Giochi, feste e rituali emergono, allora, anzitutto come realtà di tutti (uomini e donne, adulti e minori, nobili e popolani) e variamente articolata: in essa, infatti, si fanno rientrare i giochi d’azzardo o di fortuna (i dadi soprattutto, ma non solo, purché il gioco sia interessato da scommessa in denaro o quant’altro, comunque, monetizzabile); quelli definiti, ora, d’ingegno (soprattutto gli scacchi) o “misti” (i giochi da tavolo, nei quali abilità d’esecuzione e fortuna s’intrecciano); le pratiche fisico-addestrative (le gare di tiro a segno, i giochi con la palla individuali o a squadre, le finte battaglie – “battagliole” fra gruppi cittadini variamente armati); i giochi pubblici (soprattutto palii e corse all’anello, giostre e tornei, armeggerie), generalmente parte di più complessi cerimoniali di stato (ricorrenze per commemorarne le vicende salienti, come vittorie su nemici interni o esterni, conquiste territoriali, cambi di regime, nascite o matrimoni sovrani, alleanze matrimoniali); manifestazioni calendariali (carnevale, calendimaggio) o dell’anno liturgico (Natale, Pasqua, ricorrenze patronali), nelle quali le espressioni di pietà religiosa sono quasi sempre associate alla festa profana; nel novero non mancano, infine, i passatempi: momenti, cioè, che riguardano più la sfera privata e risultano non univocamente classificabili (cavalcate, gite fuori porta o in barca, battute di caccia).

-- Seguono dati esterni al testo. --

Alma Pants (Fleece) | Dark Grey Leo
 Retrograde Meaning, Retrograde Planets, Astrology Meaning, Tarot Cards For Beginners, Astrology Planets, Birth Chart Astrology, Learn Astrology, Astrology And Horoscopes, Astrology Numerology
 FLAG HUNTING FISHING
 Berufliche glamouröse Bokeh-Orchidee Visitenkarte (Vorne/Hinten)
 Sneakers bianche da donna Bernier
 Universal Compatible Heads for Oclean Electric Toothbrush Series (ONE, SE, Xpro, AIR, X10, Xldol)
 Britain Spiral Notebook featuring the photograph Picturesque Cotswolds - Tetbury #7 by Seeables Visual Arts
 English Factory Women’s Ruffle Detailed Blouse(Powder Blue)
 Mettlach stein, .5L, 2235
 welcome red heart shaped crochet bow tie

La domanda (o preoccupazione) principale di questi tempi, per chiunque si trovi variamente coinvolto nelle questioni e conseguenze connessi col gioco e la festa, riguarda la liceità o meno di questa o quella pratica, evento o manifestazione. A essere particolarmente attenti sono soprattutto autorità pubbliche e uomini di Chiesa: le prime perché impegnate a garantire l’ordine pubblico, ma anche a gestire il consenso di sudditi o governati; gli altri in quanto responsabili della cura d’anime e, quindi, preoccupati di tener lontani da qualsiasi fonte di peccato (sia la rissa, la bestemmia o, peggio, il furto e l’omicidio). Perciò le autorità civili combattono, anzitutto, i giochi troppo cruenti o pericolosi (come le “battagliole”) – quando, per esempio, non hanno più utilità alcuna (soprattutto addestrativa) o i rischi che comportano (di degenerazioni) la sopravanzano – ma soprattutto l’azzardo (i dadi per antonomasia), “moralmente” illecito (come predica pure l’uomo di Chiesa) e causa di disordini di ogni genere (anzitutto economici, ma anche sociali).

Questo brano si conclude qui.